[MATERIAL FOR THE TASK]

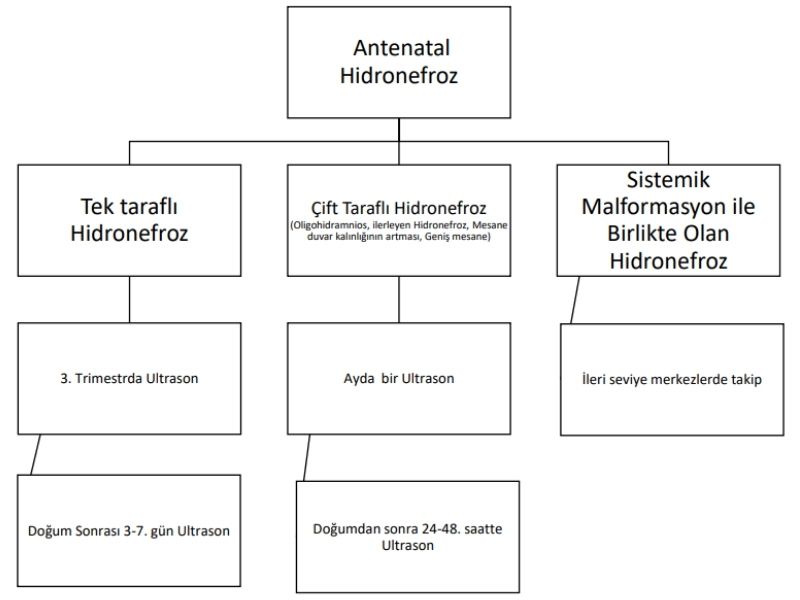 antenatal-hidronefroz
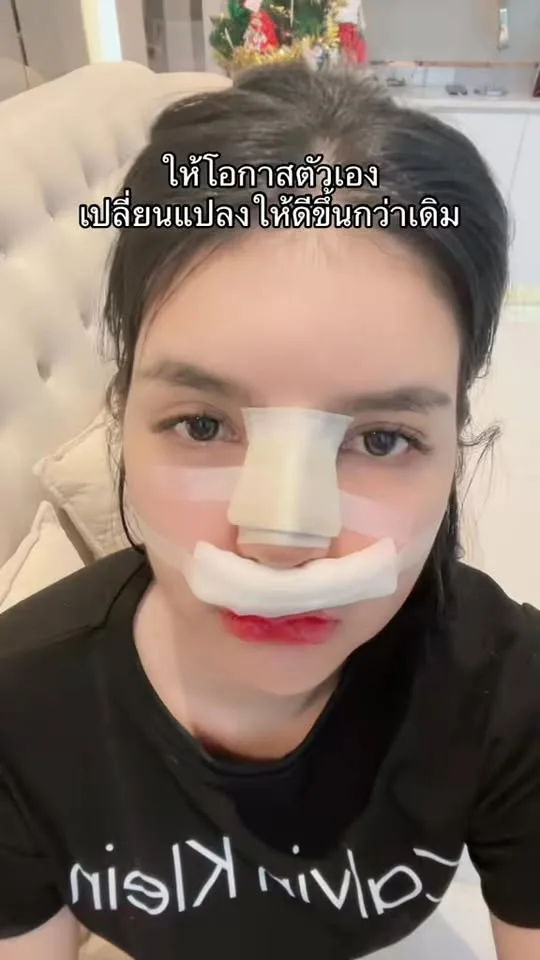 รีวิวแก้จมูก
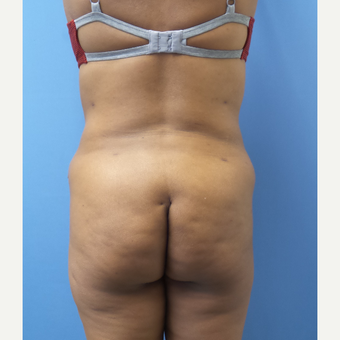 35-44 year old woman treated with Liposuction after 3168285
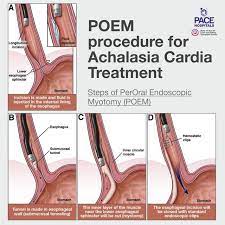 poem for achalasia cardia treatment in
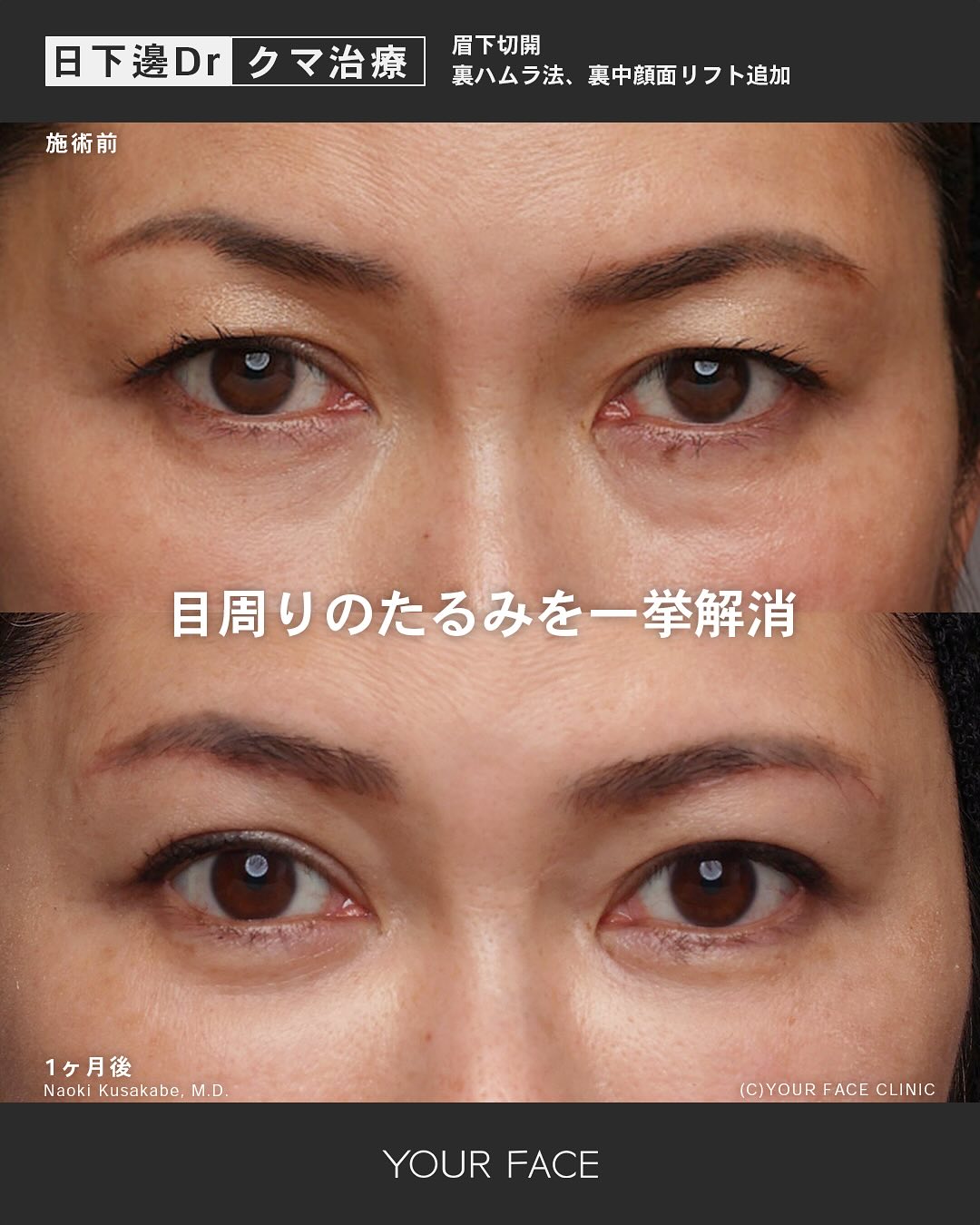 眉下切開・裏ハムラ・中顔面リフト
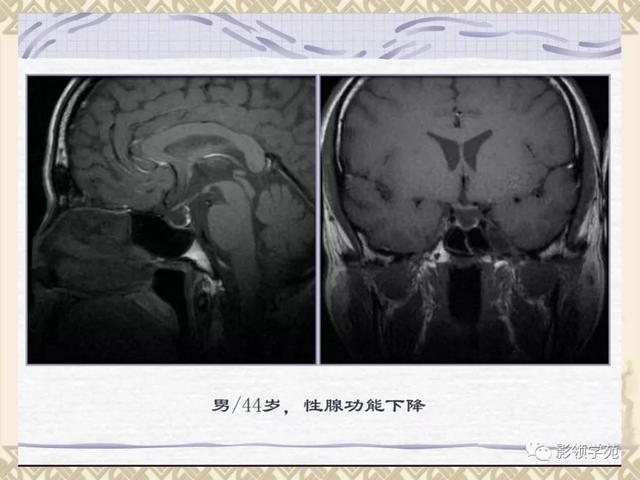 垂体病变的MRI诊断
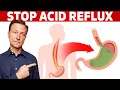 How to STOP Acid Reflux Instantly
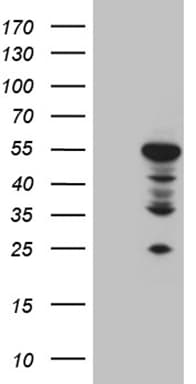 MOK / RAGE Antibody (aa205-419, clone OTI6C12)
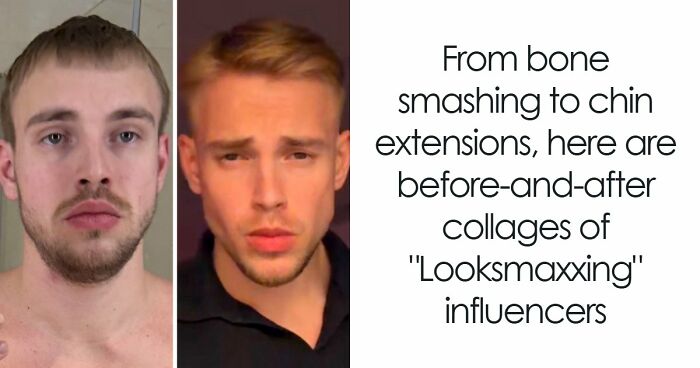 From Bone Smashing To Chin Extensions, Here Are Before-And-After Collages Of “Looksmaxxing” Influencers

[/MATERIAL FOR THE TASK]

● **WHAT NEEDS TO BE DONE**: Omit each image and transcribe the remaining records word for word.

● **REPLY TO THE EXERCISE**:
 antenatal-hidronefroz
 รีวิวแก้จมูก
 35-44 year old woman treated with Liposuction after 3168285
 poem for achalasia cardia treatment in
 眉下切開・裏ハムラ・中顔面リフト
 垂体病变的MRI诊断
 How to STOP Acid Reflux Instantly
 MOK / RAGE Antibody (aa205-419, clone OTI6C12)
 From Bone Smashing To Chin Extensions, Here Are Before-And-After Collages Of “Looksmaxxing” Influencers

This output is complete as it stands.